** ASSIGNED TASK **
Copy the entries below in full, keeping them exactly as they are.

[Dataset items]
☆ ☆ ☆
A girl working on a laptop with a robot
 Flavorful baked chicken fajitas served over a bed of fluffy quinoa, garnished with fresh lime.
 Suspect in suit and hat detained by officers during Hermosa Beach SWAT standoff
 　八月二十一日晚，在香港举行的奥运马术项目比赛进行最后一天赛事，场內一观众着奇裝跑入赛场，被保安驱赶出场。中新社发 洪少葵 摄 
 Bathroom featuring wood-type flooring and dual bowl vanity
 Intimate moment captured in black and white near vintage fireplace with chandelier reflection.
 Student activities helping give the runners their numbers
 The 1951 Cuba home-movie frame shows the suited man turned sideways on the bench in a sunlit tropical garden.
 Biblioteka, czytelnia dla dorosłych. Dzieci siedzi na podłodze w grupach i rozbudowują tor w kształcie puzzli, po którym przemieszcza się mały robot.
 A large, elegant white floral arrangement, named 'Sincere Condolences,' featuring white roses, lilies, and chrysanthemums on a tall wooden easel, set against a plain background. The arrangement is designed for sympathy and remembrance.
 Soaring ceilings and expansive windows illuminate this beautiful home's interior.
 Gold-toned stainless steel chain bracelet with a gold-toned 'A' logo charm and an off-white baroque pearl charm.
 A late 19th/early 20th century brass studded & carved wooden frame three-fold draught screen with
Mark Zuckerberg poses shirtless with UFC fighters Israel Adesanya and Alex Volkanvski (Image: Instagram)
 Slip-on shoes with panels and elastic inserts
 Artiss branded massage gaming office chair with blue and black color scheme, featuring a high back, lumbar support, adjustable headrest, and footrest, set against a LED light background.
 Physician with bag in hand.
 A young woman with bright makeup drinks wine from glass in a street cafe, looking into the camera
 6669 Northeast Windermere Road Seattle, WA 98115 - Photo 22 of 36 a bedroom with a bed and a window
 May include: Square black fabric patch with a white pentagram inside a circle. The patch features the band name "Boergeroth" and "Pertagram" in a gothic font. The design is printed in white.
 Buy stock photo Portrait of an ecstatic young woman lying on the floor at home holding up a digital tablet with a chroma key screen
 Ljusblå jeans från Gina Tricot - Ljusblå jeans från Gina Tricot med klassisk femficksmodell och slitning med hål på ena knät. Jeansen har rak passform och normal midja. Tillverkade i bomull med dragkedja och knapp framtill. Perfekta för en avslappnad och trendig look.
☆ ☆ ☆
** RESULT BELOW **
A girl working on a laptop with a robot
 Flavorful baked chicken fajitas served over a bed of fluffy quinoa, garnished with fresh lime.
 Suspect in suit and hat detained by officers during Hermosa Beach SWAT standoff
 　八月二十一日晚，在香港举行的奥运马术项目比赛进行最后一天赛事，场內一观众着奇裝跑入赛场，被保安驱赶出场。中新社发 洪少葵 摄 
 Bathroom featuring wood-type flooring and dual bowl vanity
 Intimate moment captured in black and white near vintage fireplace with chandelier reflection.
 Student activities helping give the runners their numbers
 The 1951 Cuba home-movie frame shows the suited man turned sideways on the bench in a sunlit tropical garden.
 Biblioteka, czytelnia dla dorosłych. Dzieci siedzi na podłodze w grupach i rozbudowują tor w kształcie puzzli, po którym przemieszcza się mały robot.
 A large, elegant white floral arrangement, named 'Sincere Condolences,' featuring white roses, lilies, and chrysanthemums on a tall wooden easel, set against a plain background. The arrangement is designed for sympathy and remembrance.
 Soaring ceilings and expansive windows illuminate this beautiful home's interior.
 Gold-toned stainless steel chain bracelet with a gold-toned 'A' logo charm and an off-white baroque pearl charm.
 A late 19th/early 20th century brass studded & carved wooden frame three-fold draught screen with
Mark Zuckerberg poses shirtless with UFC fighters Israel Adesanya and Alex Volkanvski (Image: Instagram)
 Slip-on shoes with panels and elastic inserts
 Artiss branded massage gaming office chair with blue and black color scheme, featuring a high back, lumbar support, adjustable headrest, and footrest, set against a LED light background.
 Physician with bag in hand.
 A young woman with bright makeup drinks wine from glass in a street cafe, looking into the camera
 6669 Northeast Windermere Road Seattle, WA 98115 - Photo 22 of 36 a bedroom with a bed and a window
 May include: Square black fabric patch with a white pentagram inside a circle. The patch features the band name "Boergeroth" and "Pertagram" in a gothic font. The design is printed in white.
 Buy stock photo Portrait of an ecstatic young woman lying on the floor at home holding up a digital tablet with a chroma key screen
 Ljusblå jeans från Gina Tricot - Ljusblå jeans från Gina Tricot med klassisk femficksmodell och slitning med hål på ena knät. Jeansen har rak passform och normal midja. Tillverkade i bomull med dragkedja och knapp framtill. Perfekta för en avslappnad och trendig look.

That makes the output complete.